As to the decision to extend Andray Blatche, that was a bonehead decision. Incomprehensible and a step backwards. All the same, hasn’t he done a little better than you are allowing?
marparker
March 19, 2011
Tom Mandel,
I hate grunfeld.
He has yet to acquire a .2+ player.
He could have gotten Kevin Love for that pick but instead traded for Miller(fine) and Foye(wtf!!!!).
All in all the Wizards currently have three players producing at an above average rate for their age. They have one player who plays as well as the average NBA starter. Grunfeld has been around for years. These are terrible results any way you look at it.
Anyone who frequents this blog could have done a better job while only putting in 2 hours a week including 1 hour and 55 minutes a week of staff happy hour.
Philip
March 22, 2011
IS,
Me either. Most teams get around 2 pts/game, according to 82games.com.

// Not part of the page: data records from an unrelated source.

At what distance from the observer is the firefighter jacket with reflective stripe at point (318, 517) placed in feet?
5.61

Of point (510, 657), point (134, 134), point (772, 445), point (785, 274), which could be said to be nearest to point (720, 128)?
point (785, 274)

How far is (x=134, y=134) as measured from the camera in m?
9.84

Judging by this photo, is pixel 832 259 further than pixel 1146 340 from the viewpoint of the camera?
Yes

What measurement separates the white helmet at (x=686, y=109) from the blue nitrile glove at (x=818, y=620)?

It’s boggling.
Tom Mandel
March 23, 2011
@ marparker — wasn’t Jamison a .2+ player at least one year w/ the Wizards?
Oh, I can’t blame you if you “hate” Grunfield (using the term the way we do online: I’m sure you wouldn’t be mean or even impolite in his presence). He doesn’t have a very good record.

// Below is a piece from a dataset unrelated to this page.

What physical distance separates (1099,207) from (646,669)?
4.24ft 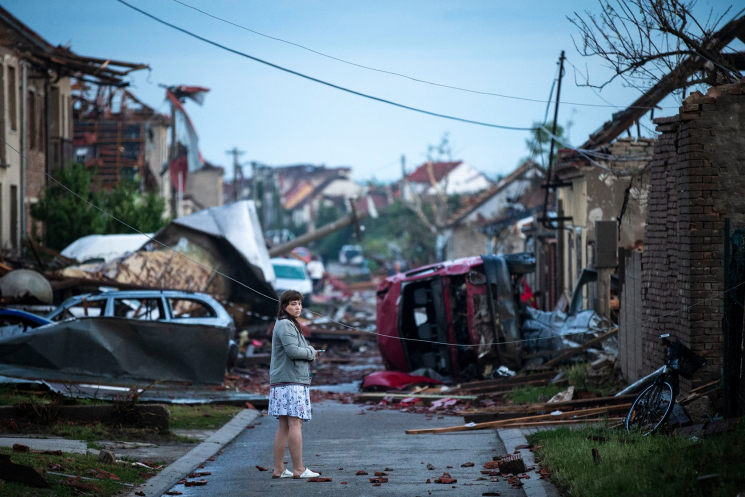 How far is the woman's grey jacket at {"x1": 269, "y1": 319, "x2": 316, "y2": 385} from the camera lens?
7.49 meters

Still, don’t you agree he did a good job last off-season? Perhaps, like some people here, you think he should have taken DeMarcus Cousins w/ the first pick in the draft? (How would that have worked out, Dave?) Or Evan Turner (he was regarded here as *obviously* *much* better than Wall — has it turned out that way?).
And the pick of Trevor Booker is certainly looking like a steal — Grunfield traded up to get him. Had he kept the #30 pick he might have gotten Dexter Pittman instead.
If I were Ted Leonsis, I’d replace Ernie — but if you really think that what goes on in the comments on this blog has *anything* to do with being a GM, well… I’ll just assume it was a quip and leave it at that.